The range to repeat runs from the line with "Dog corgi emoji" to the last line below, both ends included; give it exactly and without pictures.
(Information shown Opens)
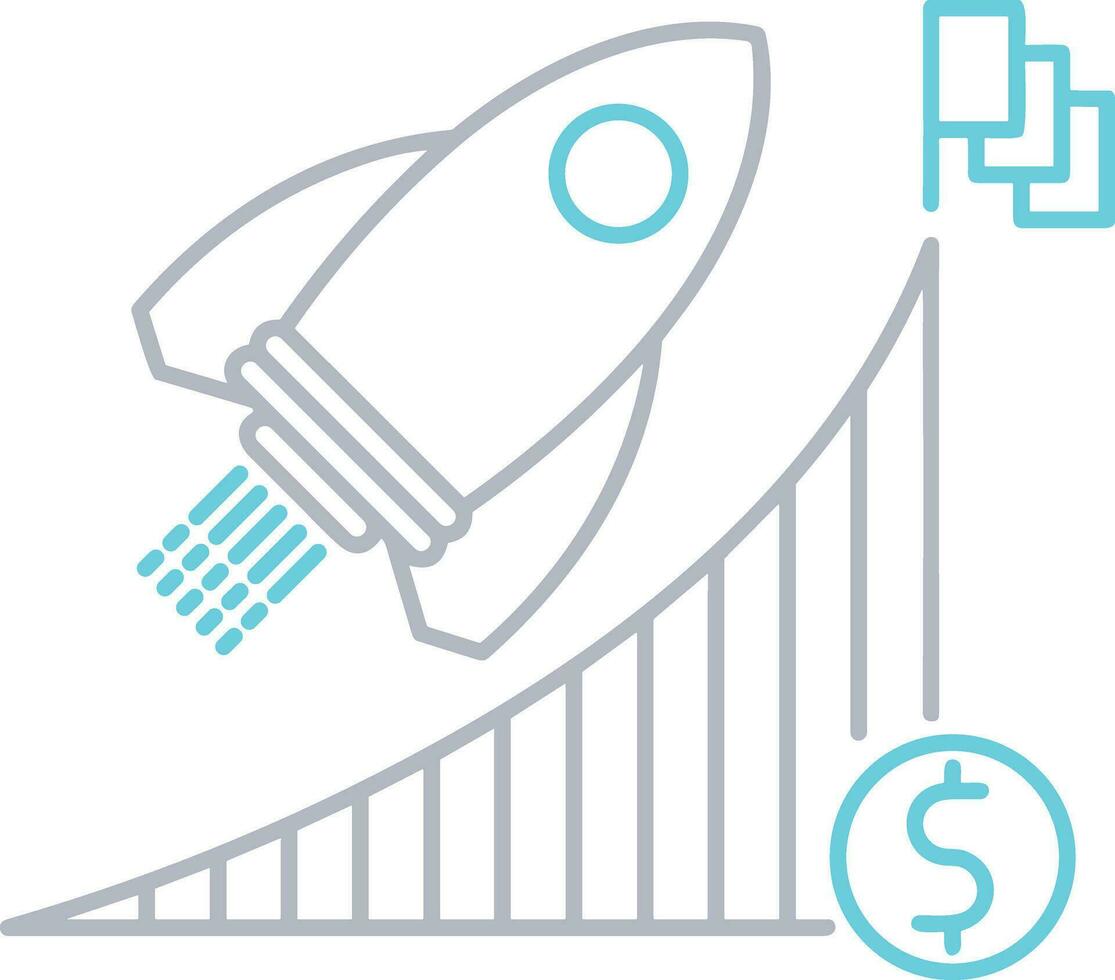 croissance affaires icône symbole vecteur image. illustration de le le progrès contour infographie stratégie développement conception image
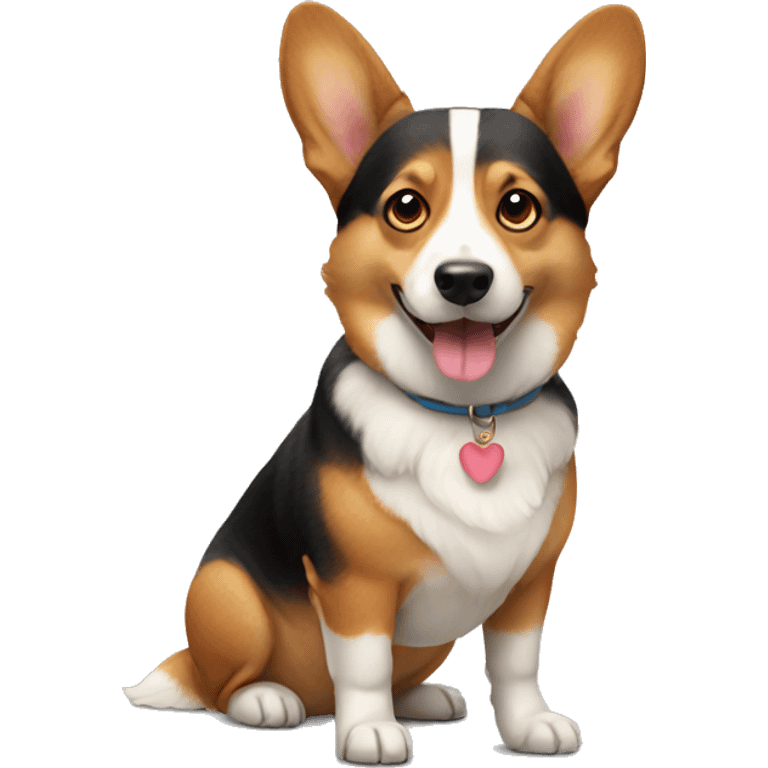 Dog corgi emoji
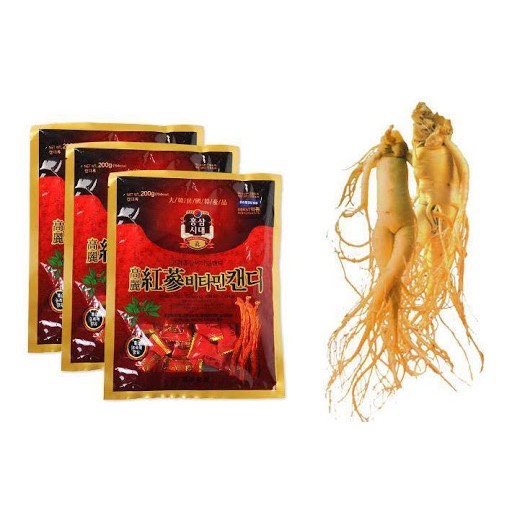 Kẹo Hồng Sâm vitamin Hàn Quốc 200g/gói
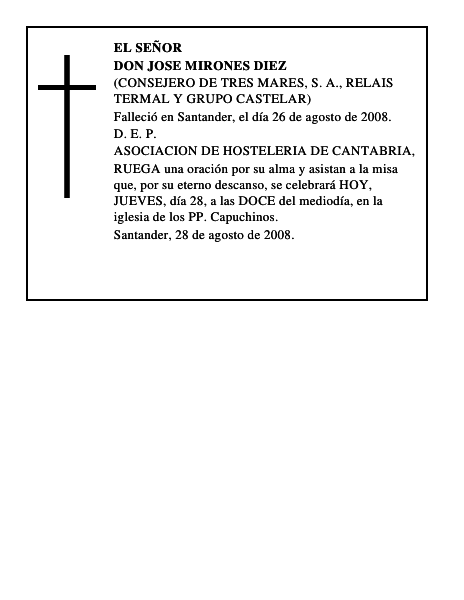 DON JOSE MIRONES DIEZ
(Information shown Closes)
• **The completed task**
 Dog corgi emoji
 Kẹo Hồng Sâm vitamin Hàn Quốc 200g/gói
 DON JOSE MIRONES DIEZ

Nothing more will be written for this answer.